▶ [What this task involves]
Repeat the listing exactly as given, omitting every image.

*** Dataset extract ***

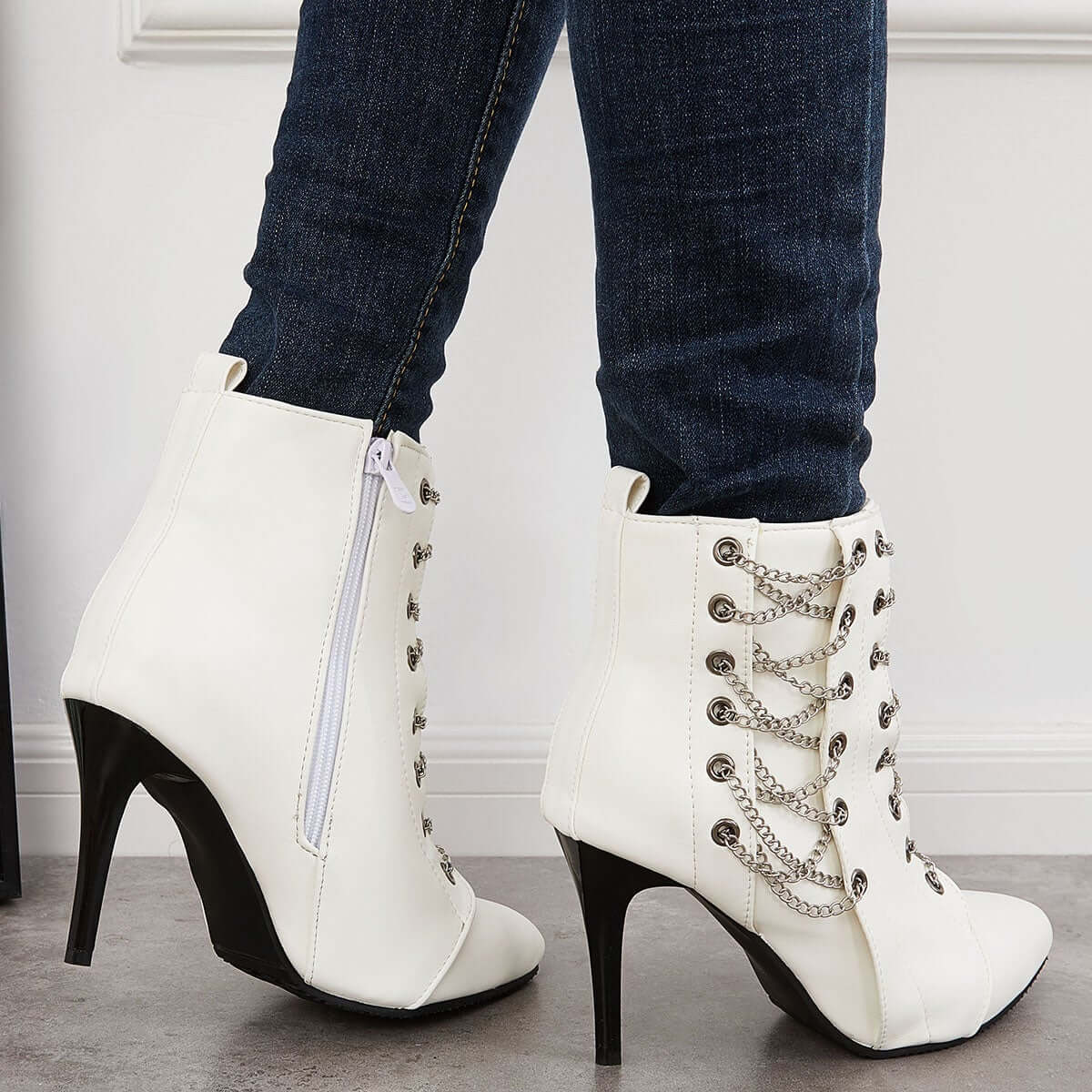 Women Zipper Boots Pointed Toe High Heel Ankle Boots Stiletto Zipper Booties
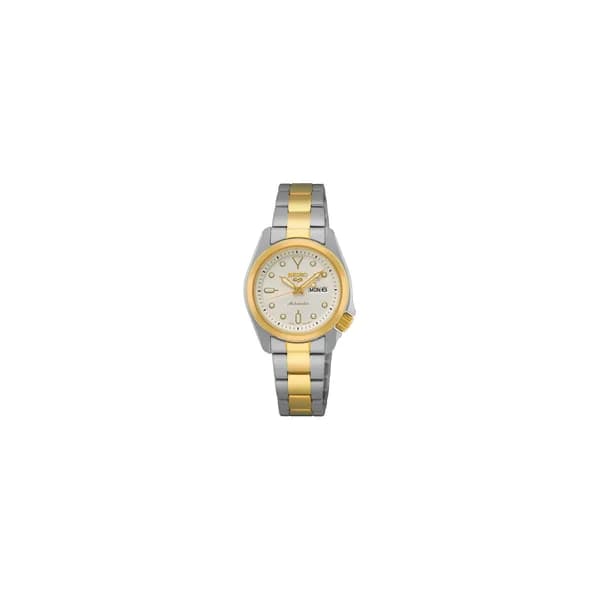 Seiko Montre Seiko 5 Sports automatique acier et PVD or jaune cadran blanc bracelet acier 28 mm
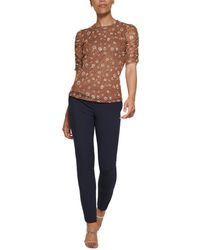 DKNY - Petite Printed Ruched Sleeve Top - Lyst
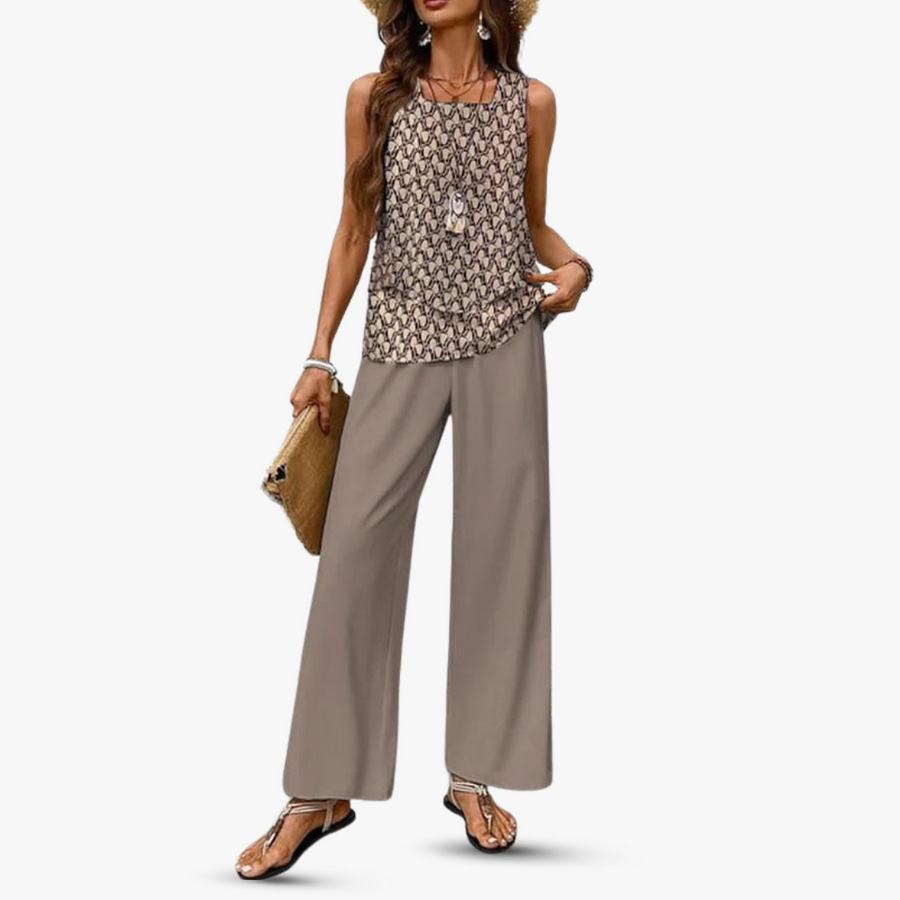 Roos | Tweedelige set met mouwloze top en broek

***

▶ [Answer area]
 Women Zipper Boots Pointed Toe High Heel Ankle Boots Stiletto Zipper Booties
 Seiko Montre Seiko 5 Sports automatique acier et PVD or jaune cadran blanc bracelet acier 28 mm
 DKNY - Petite Printed Ruched Sleeve Top - Lyst
 Roos | Tweedelige set met mouwloze top en broek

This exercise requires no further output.